# mk3 green turn signals????????



## dr.greenthumb (Jul 28, 2009)

Does anyone know were i can get some green turn signals for the front bumper, and the running lights on the side maybe? If so were? thanx


----------



## GT17V (Aug 7, 2001)

probably have to find it on ebay.
it's going to be very illegal.


----------



## dr.greenthumb (Jul 28, 2009)

*Re: (GT17V)*

http://****************.com/smile/emthup.gif


----------



## dr.greenthumb (Jul 28, 2009)

*Re: (dr.greenthumb)*

thanx but cant find any


----------



## dr.greenthumb (Jul 28, 2009)

*Re: (dr.greenthumb)*

bump


----------



## dr.greenthumb (Jul 28, 2009)

*Re: (dr.greenthumb)*

bump
anyone can you help


----------



## andrewduffield23 (Jul 21, 2009)

*Re: (dr.greenthumb)*

ive been looking for months dude with no luck i found them for mk2 thats it







i have the hella green tails and i want the rest to match


----------



## Schumey (Aug 30, 2009)

*Re: mk3 green turn signals???????? (dr.greenthumb)*

I think they weren't made.

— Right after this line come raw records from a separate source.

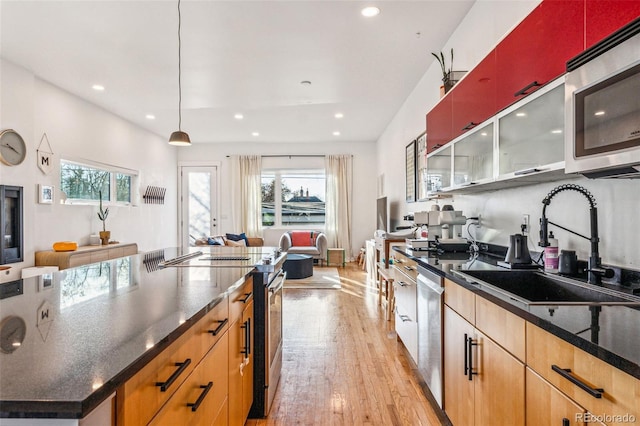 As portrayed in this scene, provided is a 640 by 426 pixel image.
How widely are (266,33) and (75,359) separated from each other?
330 cm

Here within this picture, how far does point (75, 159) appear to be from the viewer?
5020 millimetres

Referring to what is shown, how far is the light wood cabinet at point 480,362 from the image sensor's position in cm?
116

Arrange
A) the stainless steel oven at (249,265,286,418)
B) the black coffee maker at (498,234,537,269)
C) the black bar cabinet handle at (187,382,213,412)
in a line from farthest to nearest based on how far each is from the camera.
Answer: the stainless steel oven at (249,265,286,418), the black coffee maker at (498,234,537,269), the black bar cabinet handle at (187,382,213,412)

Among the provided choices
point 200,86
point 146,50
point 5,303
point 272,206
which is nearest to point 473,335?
point 5,303

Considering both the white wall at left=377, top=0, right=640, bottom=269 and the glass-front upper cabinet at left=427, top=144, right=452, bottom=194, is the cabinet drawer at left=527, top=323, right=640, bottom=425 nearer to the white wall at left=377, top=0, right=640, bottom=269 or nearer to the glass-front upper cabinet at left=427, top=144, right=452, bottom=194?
the white wall at left=377, top=0, right=640, bottom=269

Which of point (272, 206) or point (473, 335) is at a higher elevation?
point (272, 206)

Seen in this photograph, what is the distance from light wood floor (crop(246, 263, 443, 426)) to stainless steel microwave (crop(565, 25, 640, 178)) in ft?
5.26

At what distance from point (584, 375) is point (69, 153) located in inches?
236

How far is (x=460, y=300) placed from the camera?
166 cm

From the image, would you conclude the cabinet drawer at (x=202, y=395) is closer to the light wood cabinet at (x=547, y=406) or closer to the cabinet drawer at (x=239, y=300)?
the cabinet drawer at (x=239, y=300)

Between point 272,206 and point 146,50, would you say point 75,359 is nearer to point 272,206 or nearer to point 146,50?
point 146,50

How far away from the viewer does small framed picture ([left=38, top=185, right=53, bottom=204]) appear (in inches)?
169

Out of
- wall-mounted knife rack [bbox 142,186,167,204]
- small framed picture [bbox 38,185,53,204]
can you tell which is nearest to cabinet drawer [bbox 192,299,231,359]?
small framed picture [bbox 38,185,53,204]

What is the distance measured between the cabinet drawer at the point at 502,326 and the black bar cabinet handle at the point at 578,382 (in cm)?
18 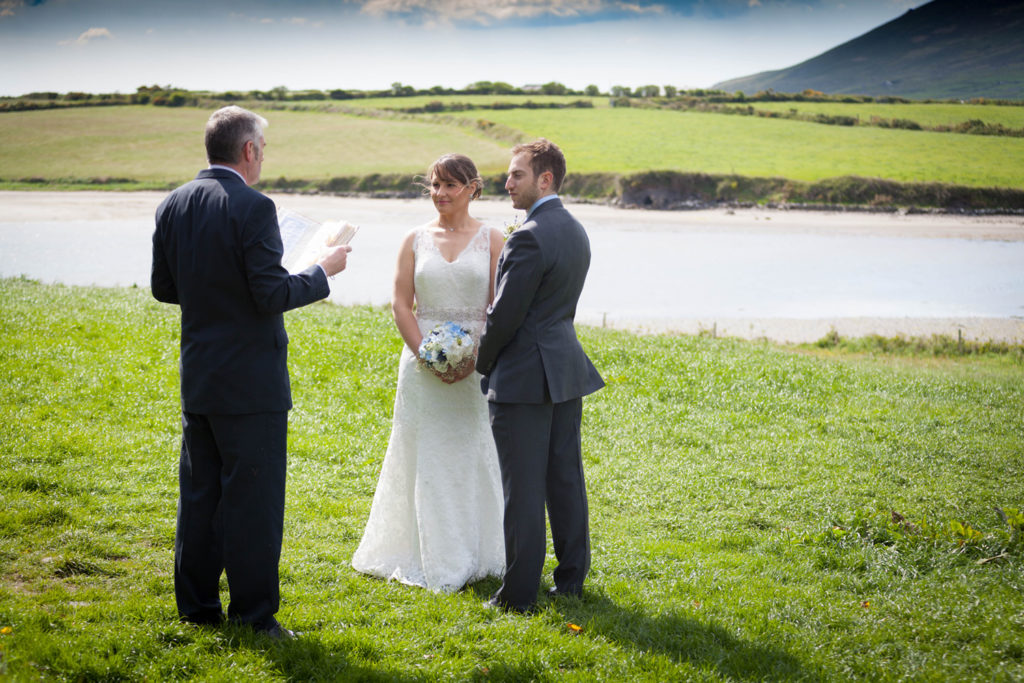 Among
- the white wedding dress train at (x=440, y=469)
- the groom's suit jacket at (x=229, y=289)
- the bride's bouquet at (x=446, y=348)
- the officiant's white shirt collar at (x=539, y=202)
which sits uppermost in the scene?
the officiant's white shirt collar at (x=539, y=202)

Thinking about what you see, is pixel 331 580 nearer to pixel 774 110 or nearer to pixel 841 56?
pixel 774 110

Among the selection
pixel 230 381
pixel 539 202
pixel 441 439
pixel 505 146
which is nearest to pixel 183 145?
pixel 505 146

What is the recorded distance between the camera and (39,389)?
29.5ft

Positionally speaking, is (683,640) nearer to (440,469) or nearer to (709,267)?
(440,469)

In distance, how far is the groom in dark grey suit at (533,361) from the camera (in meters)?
4.69

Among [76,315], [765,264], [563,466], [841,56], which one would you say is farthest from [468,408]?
[841,56]

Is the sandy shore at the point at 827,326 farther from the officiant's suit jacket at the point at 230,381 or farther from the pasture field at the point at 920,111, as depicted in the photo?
the pasture field at the point at 920,111

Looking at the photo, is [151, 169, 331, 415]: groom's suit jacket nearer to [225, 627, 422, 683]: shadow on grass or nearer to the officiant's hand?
the officiant's hand

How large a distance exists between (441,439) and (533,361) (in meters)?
1.15

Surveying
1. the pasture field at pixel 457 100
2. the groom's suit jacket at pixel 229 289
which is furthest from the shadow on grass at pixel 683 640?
the pasture field at pixel 457 100

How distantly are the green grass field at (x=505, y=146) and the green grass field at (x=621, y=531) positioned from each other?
130ft

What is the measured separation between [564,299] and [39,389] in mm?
7066

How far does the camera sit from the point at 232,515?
163 inches

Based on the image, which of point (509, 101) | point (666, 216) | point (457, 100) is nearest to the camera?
point (666, 216)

I just found green side blinker...


----------



## andrewduffield23 (Jul 21, 2009)

*Re: mk3 green turn signals???????? (Schumey)*

no they were deff made
















and i can find them for the mk2


----------



## Schumey (Aug 30, 2009)

*Re: mk3 green turn signals???????? (andrewduffield23)*

Maybe are that just painted ones?


----------



## andrewduffield23 (Jul 21, 2009)

*Re: mk3 green turn signals???????? (Schumey)*

the markers maybe but i know for a fact that the turns were made i have seen them before.. but they are so hard to find i have a guy in berlin that comes across them every now and then that is looking for them... and i see the blue ones all the time there is a set of the blues on ebay right now actually...
the green one are jus rediculously hard to find


----------



## andrewduffield23 (Jul 21, 2009)

*Re: mk3 green turn signals???????? (andrewduffield23)*

they are so sick looking that its worth the trouble to find them though http://****************.com/smile/emthup.gif


----------



## andrewduffield23 (Jul 21, 2009)

*Re: mk3 green turn signals???????? (andrewduffield23)*

http://cgi.ebay.com/ebaymotors...ories


----------



## 2.slow lover (Feb 18, 2010)

*Re: mk3 green turn signals???????? (andrewduffield23)*

honestly id be 2 cheap and lazy 2 find them...
get some green tint pull them off and tint them...
then ull have them while u are looking 4 a real set


----------



## TrueNoob (Jan 15, 2010)

get some clear ones and spray em... http://www.autocruisers.co.uk/index.php?main_page=product_info&cPath=28_85&products_id=778

then wet sand it with 1000 grit and buff it


----------